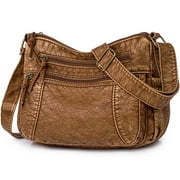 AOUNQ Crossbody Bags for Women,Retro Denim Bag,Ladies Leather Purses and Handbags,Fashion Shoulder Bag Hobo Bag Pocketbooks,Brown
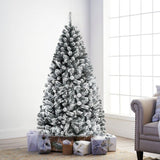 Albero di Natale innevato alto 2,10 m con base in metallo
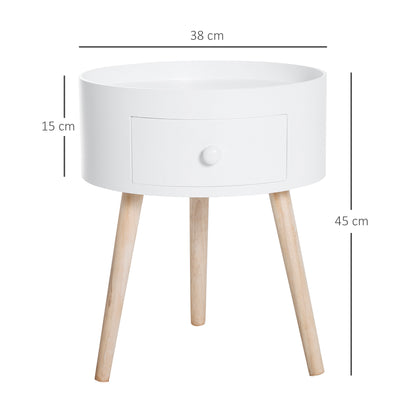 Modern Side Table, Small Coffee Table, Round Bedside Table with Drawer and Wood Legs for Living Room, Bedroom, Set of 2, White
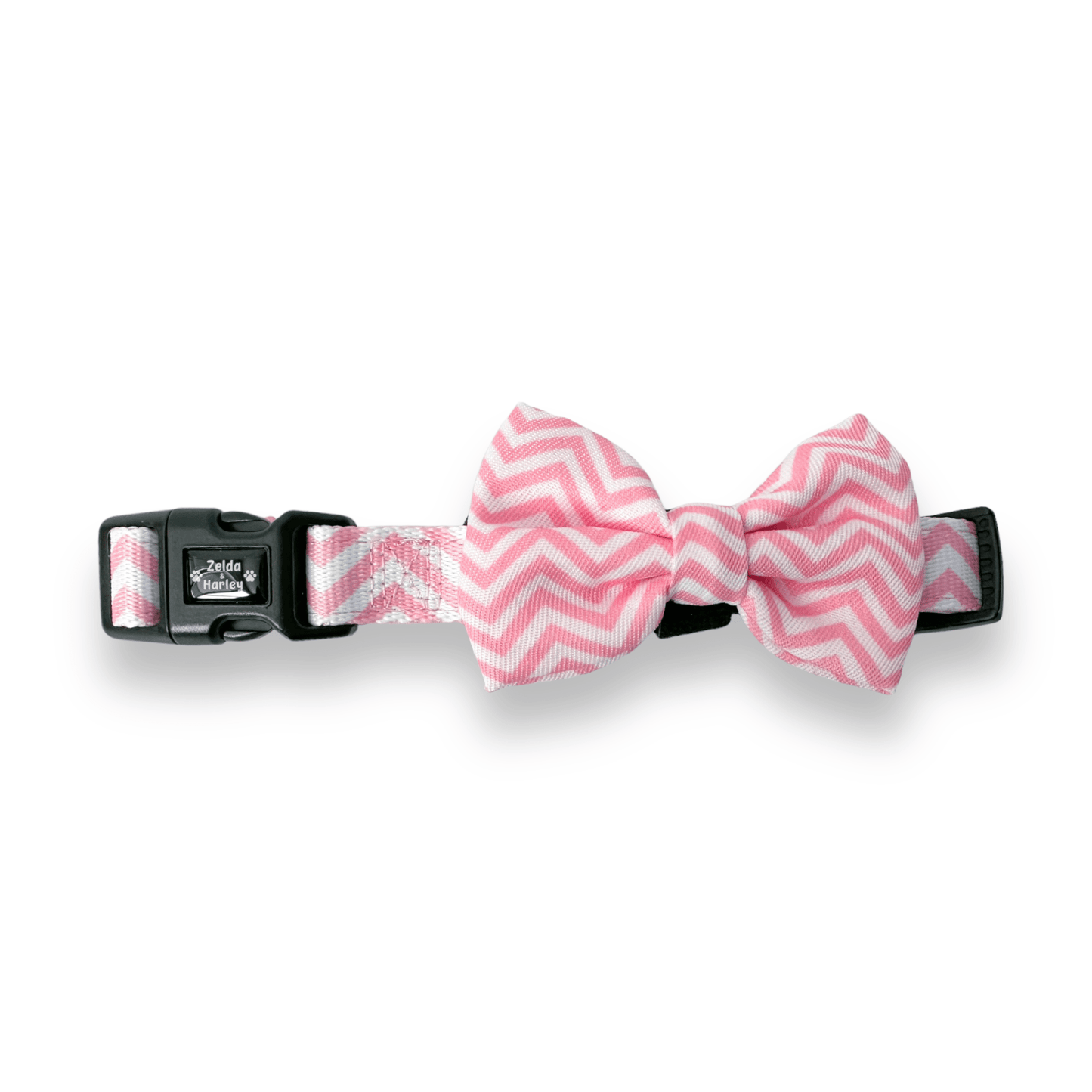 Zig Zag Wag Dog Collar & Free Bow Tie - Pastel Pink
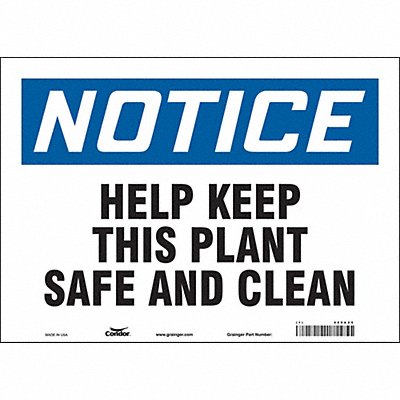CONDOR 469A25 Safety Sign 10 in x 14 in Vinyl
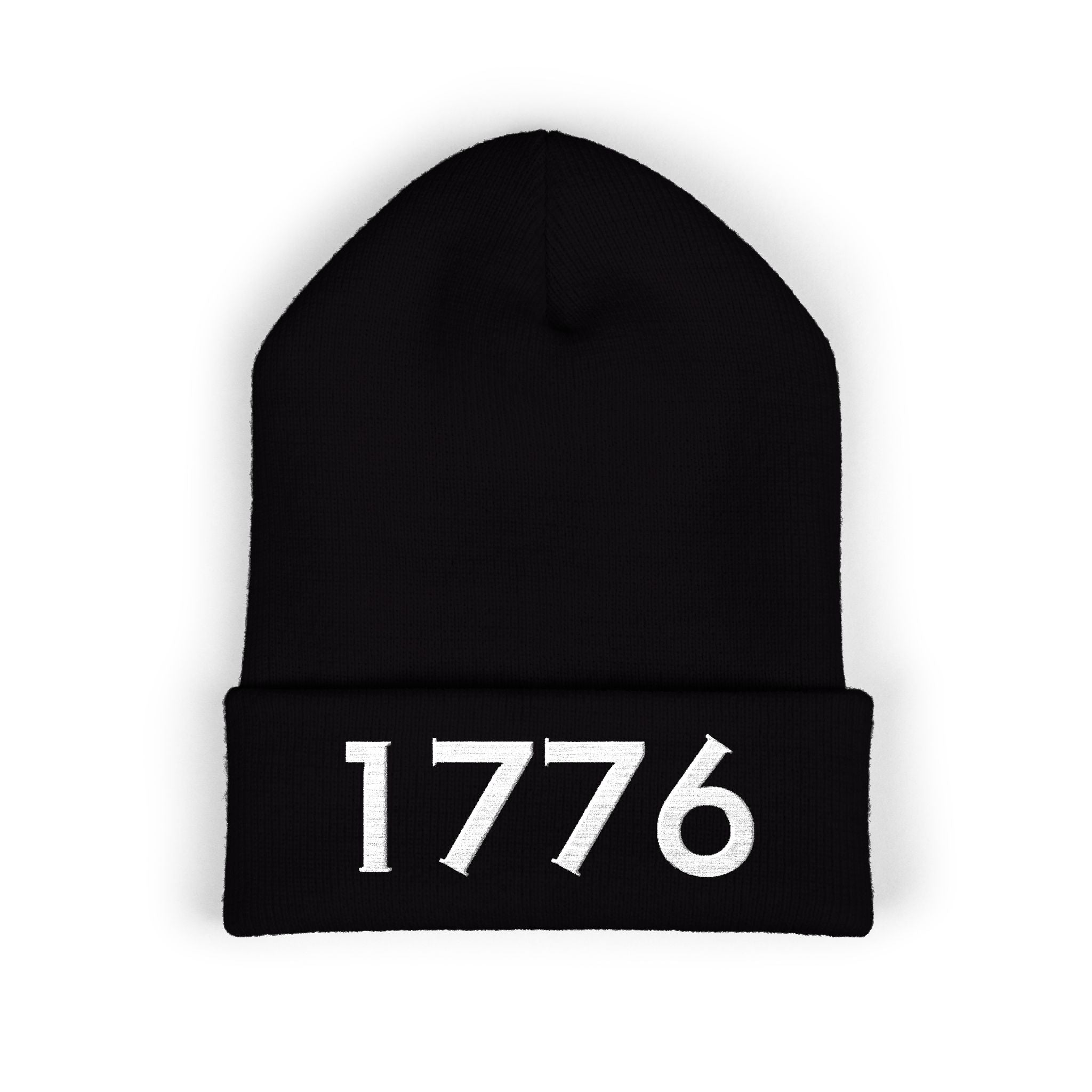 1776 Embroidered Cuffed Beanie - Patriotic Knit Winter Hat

○ ○ ○ ○ ○ ○ ○

The task:
When you set down the material above, keep every word exact and include no pictures.

Exercise result:
 AOUNQ Crossbody Bags for Women,Retro Denim Bag,Ladies Leather Purses and Handbags,Fashion Shoulder Bag Hobo Bag Pocketbooks,Brown
 Albero di Natale innevato alto 2,10 m con base in metallo
 Modern Side Table, Small Coffee Table, Round Bedside Table with Drawer and Wood Legs for Living Room, Bedroom, Set of 2, White
 Zig Zag Wag Dog Collar & Free Bow Tie - Pastel Pink
CONDOR 469A25 Safety Sign 10 in x 14 in Vinyl
 1776 Embroidered Cuffed Beanie - Patriotic Knit Winter Hat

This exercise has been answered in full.